COLLECTED DATA START

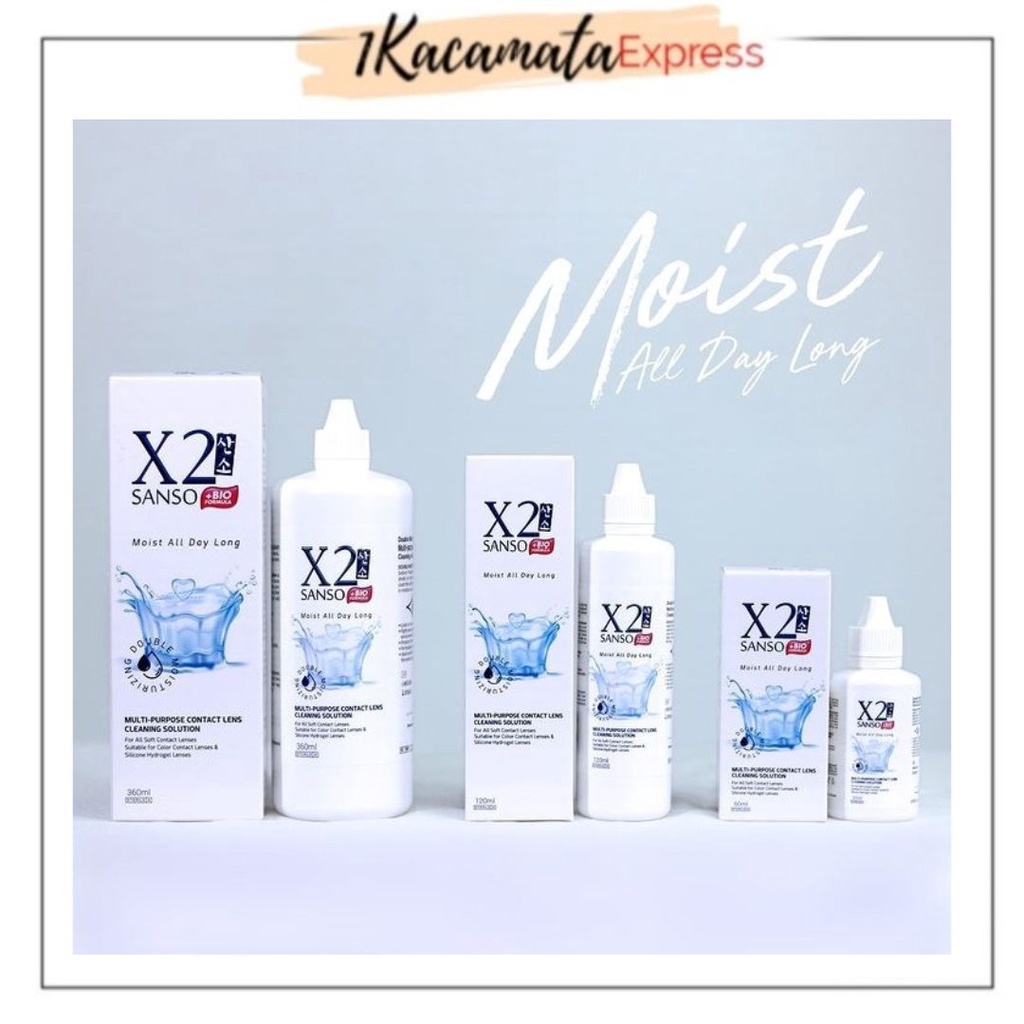 AIR PEMBERSIH X2 SANSO + BIO FORMULA MOIST 60ML CAIRAN SOFTLENS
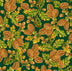 Acorns Pinecones Leaves On Forest Green 100% Cotton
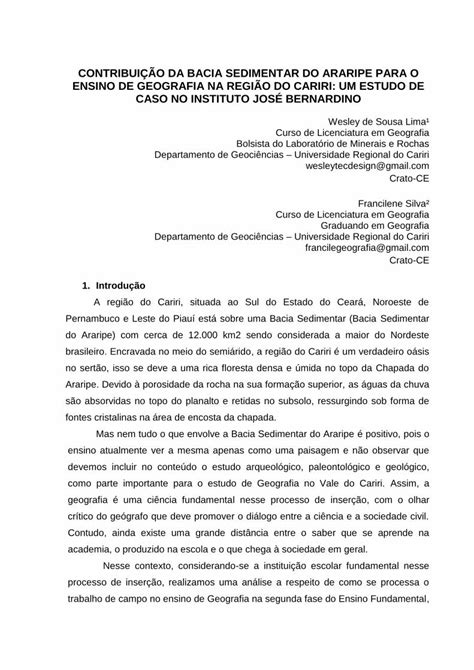 Pdf Contribui O Da Bacia Sedimentar Do Araripe Para Contribui O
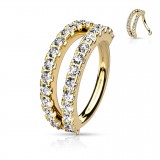 Piercing micro-bcr 211 - Jaune double ligne de strass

COLLECTED DATA END

## REQUIRED WORK
"Pdf Contribui O" marks the first line to be returned; return exactly that line and every line after it through the last line of the listing, omitting pictures.

## EXERCISE ANSWER
 Pdf Contribui O Da Bacia Sedimentar Do Araripe Para Contribui O
 Piercing micro-bcr 211 - Jaune double ligne de strass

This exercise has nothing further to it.